==== Source information
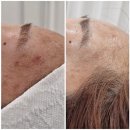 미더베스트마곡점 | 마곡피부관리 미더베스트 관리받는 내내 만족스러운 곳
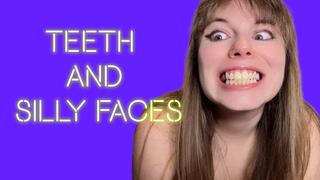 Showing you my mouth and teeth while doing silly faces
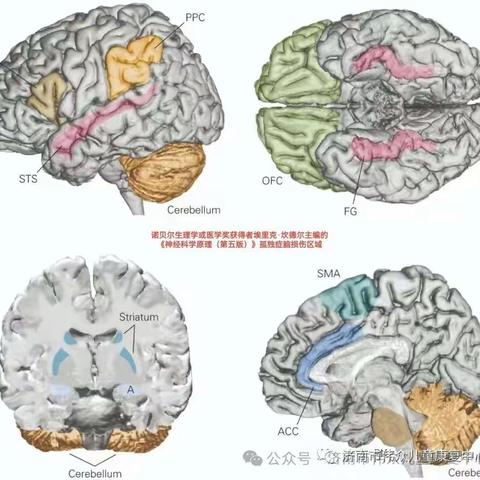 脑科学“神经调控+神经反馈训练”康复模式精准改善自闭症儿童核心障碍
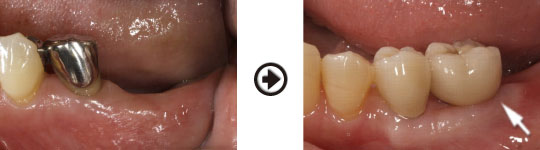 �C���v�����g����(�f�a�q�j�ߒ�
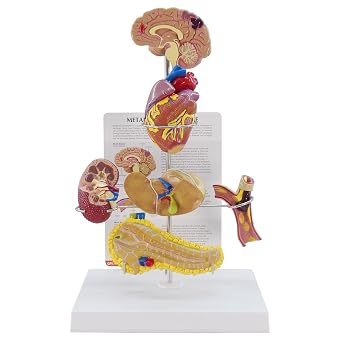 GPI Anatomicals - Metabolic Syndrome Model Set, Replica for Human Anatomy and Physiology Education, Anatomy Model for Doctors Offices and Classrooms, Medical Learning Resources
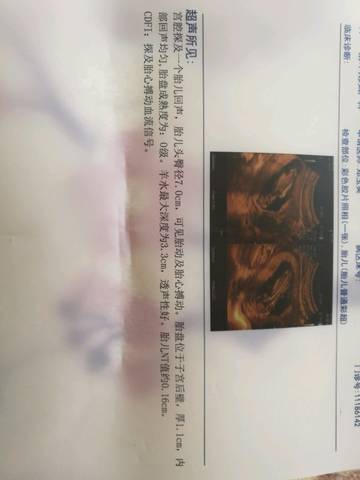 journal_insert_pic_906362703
========
==== Source information
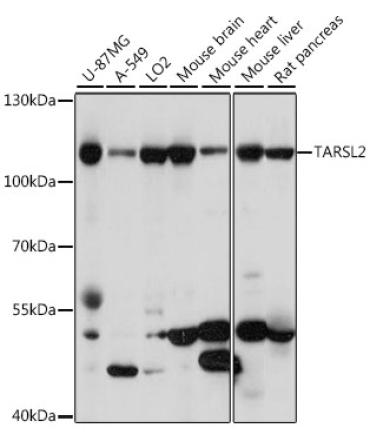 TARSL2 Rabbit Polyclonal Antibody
========
==== Source information
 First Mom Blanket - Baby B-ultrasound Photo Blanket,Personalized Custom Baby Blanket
========
Aim of the exercise:
The reply should hold exactly the lines above, starting at the line with "미더베스트마곡점 | 마곡피부관리 미더베스트 관리받는 내내 만족스러운 곳" and ending at the line with "journal_insert_pic_906362703", and no pictures.

Solution below:
 미더베스트마곡점 | 마곡피부관리 미더베스트 관리받는 내내 만족스러운 곳
 Showing you my mouth and teeth while doing silly faces
 脑科学“神经调控+神经反馈训练”康复模式精准改善自闭症儿童核心障碍
 �C���v�����g����(�f�a�q�j�ߒ�
 GPI Anatomicals - Metabolic Syndrome Model Set, Replica for Human Anatomy and Physiology Education, Anatomy Model for Doctors Offices and Classrooms, Medical Learning Resources
 journal_insert_pic_906362703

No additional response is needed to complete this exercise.